Built-in Aggregation Functions
The following functions are recognized for the vectorized fast path (see below):
| Function | Description |
|---|---|
np.sum / np.nansum |
Sum |
np.mean / np.nanmean |
Mean |
np.std / np.nanstd |
Standard deviation |
np.var / np.nanvar |
Variance |
np.min / np.nanmin / np.amin |
Minimum |
np.max / np.nanmax / np.amax |
Maximum |
np.median / np.nanmedian |
Median |
np.prod / np.nanprod |
Product |
np.ptp |
Peak-to-peak (max - min) |
np.any |
Logical OR |
np.all |
Logical AND |
np.count_nonzero |
Count non-zero |
len |
Count |
sum (builtin) |
Sum |
Custom Aggregations
percentile(q)
from tafra.group import percentile
result = t.group_by(
['region'],
{
'p10_sales': (percentile(10), 'sales'),
'p50_sales': (percentile(50), 'sales'),
'p90_sales': (percentile(90), 'sales'),
},
)
percentile(q) returns a callable that computes the q-th percentile (0-100).
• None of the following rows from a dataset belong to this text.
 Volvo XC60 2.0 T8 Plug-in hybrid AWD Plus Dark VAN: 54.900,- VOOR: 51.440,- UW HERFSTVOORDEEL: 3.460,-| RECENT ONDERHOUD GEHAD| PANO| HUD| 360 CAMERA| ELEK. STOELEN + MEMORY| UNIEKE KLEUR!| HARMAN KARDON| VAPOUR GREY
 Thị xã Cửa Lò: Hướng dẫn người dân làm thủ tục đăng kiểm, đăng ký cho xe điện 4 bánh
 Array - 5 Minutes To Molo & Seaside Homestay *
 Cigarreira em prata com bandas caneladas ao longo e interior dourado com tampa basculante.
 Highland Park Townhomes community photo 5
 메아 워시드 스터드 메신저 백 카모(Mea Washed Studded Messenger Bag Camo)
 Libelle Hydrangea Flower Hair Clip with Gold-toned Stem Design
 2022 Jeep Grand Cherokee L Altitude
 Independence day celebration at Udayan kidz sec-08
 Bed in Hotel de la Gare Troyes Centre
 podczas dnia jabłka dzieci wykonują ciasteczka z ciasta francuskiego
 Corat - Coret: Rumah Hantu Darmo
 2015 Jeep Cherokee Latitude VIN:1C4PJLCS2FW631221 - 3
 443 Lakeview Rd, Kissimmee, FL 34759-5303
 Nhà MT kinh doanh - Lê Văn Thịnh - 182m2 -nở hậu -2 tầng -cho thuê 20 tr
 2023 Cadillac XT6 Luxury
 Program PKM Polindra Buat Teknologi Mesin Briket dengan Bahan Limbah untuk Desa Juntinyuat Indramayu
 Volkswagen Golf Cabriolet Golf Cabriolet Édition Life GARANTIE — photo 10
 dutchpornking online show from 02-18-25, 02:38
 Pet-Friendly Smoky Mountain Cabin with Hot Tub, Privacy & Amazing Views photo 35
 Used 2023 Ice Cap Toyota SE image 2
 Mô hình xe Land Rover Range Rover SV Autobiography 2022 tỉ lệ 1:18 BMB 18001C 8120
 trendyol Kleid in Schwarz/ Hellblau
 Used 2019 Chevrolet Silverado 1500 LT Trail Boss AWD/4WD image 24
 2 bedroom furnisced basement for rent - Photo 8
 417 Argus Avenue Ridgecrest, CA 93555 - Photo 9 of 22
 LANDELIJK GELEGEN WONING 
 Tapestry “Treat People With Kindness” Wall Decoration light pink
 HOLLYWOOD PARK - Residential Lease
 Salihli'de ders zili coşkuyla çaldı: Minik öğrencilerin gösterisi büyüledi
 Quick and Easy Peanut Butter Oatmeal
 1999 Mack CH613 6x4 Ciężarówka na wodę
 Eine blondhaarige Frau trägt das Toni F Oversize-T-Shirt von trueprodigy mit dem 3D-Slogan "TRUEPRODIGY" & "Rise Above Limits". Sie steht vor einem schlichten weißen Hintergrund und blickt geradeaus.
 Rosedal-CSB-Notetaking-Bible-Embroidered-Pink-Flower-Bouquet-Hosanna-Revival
It is also registered for the vectorized fast path.
geomean and harmean
from tafra.group import geomean, harmean
result = t.group_by(
['region'],
{
'geo_sales': (geomean, 'sales'),
'harm_sales': (harmean, 'sales'),
},
)
Both are registered for the vectorized fast path.
Arbitrary functions
Any callable that takes an np.ndarray and returns a scalar works:
result = t.group_by(
['region'],
{
'range': (lambda x: x.max() - x.min(), 'sales'),
'cv': (lambda x: x.std() / x.mean(), 'sales'),
},
)
Custom lambda/functions use the standard per-group Python loop (no vectorized fast path).
Vectorized Fast Path
When all aggregation functions in a group_by call are recognized (see
table above), Tafra uses a vectorized code path based on np.bincount and
ufunc.reduceat instead of iterating over groups in Python. This is
significantly faster for large datasets.
The fast path is used automatically -- no configuration needed. If any aggregation function is not recognized, the entire call falls back to the per-group Python loop.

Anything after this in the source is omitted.